— Exercise brief —
Your output should be the lines below from the one holding "toy tractor & trailer Image 2" through the one holding "Zalando Nl Herschel", transcribed exactly, with no pictures.

(Exercise data)

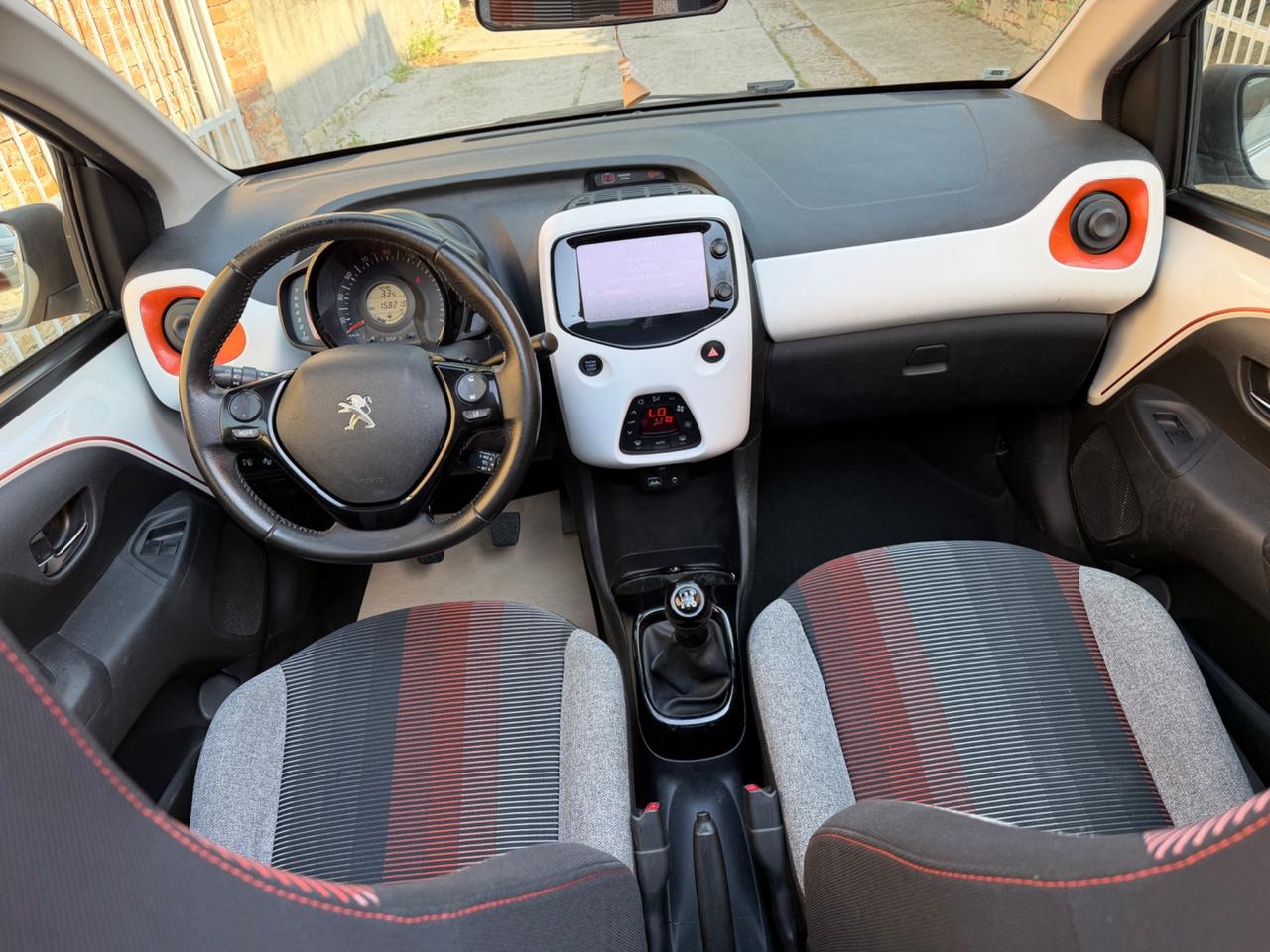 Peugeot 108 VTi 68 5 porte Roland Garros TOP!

(End Exercise data)
(Exercise data)

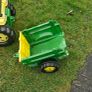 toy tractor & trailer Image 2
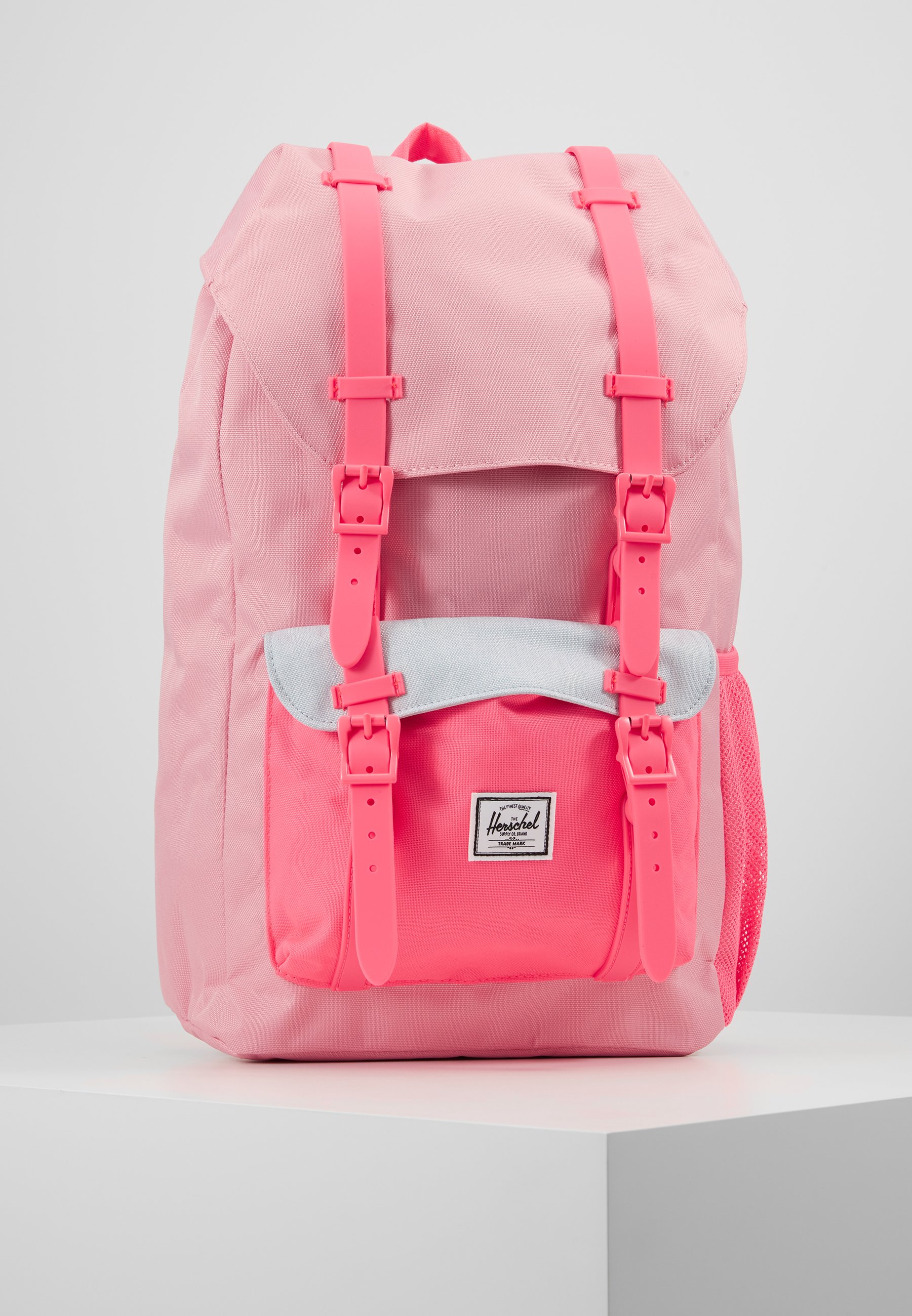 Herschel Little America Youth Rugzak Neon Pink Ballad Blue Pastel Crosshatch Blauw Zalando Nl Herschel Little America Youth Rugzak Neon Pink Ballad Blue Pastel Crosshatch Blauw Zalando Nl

(End Exercise data)

— Output below —
 toy tractor & trailer Image 2
 Herschel Little America Youth Rugzak Neon Pink Ballad Blue Pastel Crosshatch Blauw Zalando Nl Herschel Little America Youth Rugzak Neon Pink Ballad Blue Pastel Crosshatch Blauw Zalando Nl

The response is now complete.